TELEFON DO REDAKCJI: 62 766 07 07
Augustyna, Ingi, Jaromira 29 Marca 2024, 16:13
Dziś 19°C
Jutro 13°C
Szukaj w serwisie

Starego radia wdzięk

 

Starego radia wdzięk
Ks. Tomasz Kaczmarek nie wyobraża sobie, by świat mógł istnieć bez muzyki i książek. W jego domu można zobaczyć kolekcję co najmniej kilkudziesięciu radioodbiorników, magnetofonów, gramofonów i innych urządzeń do słuchania muzyki.
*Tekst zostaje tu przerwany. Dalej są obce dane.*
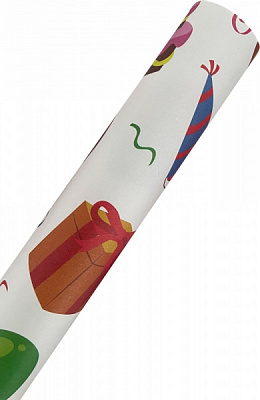 Бумага для упаковки №1 MX62684 70x100 см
Księże Tomaszu, na początku chciałbym od razu wyjaśnić pewną rzecz. Otóż, zawsze mnie denerwuje, kiedy w różnych programach telewizyjnych pojawiają się nasi współbracia w kapłaństwie i są przedstawiani jako wyjątkowi i wspaniali księża, ponieważ mają jakąś pasję: a to jeżdżą na motocyklu, rozdają paczki albo wspinają się w góry. I to ma ich czynić wyjątkowymi, a nie to że wybrali Chrystusa i pełnią posługę kapłańską. Powiedzmy więc sobie od razu, że dla nas księży pierwszą i największą pasją jest właśnie Jezus, który pokochał nas taką miłością, że nie można było się oprzeć i pójść inną drogą. Czy ksiądz się ze mną zgadza?

Ks. Tomasz Kaczmarek: Oczywiście, pierwszą pasją jest Pan Jezus i co do tego nie ma żadnych wątpliwości.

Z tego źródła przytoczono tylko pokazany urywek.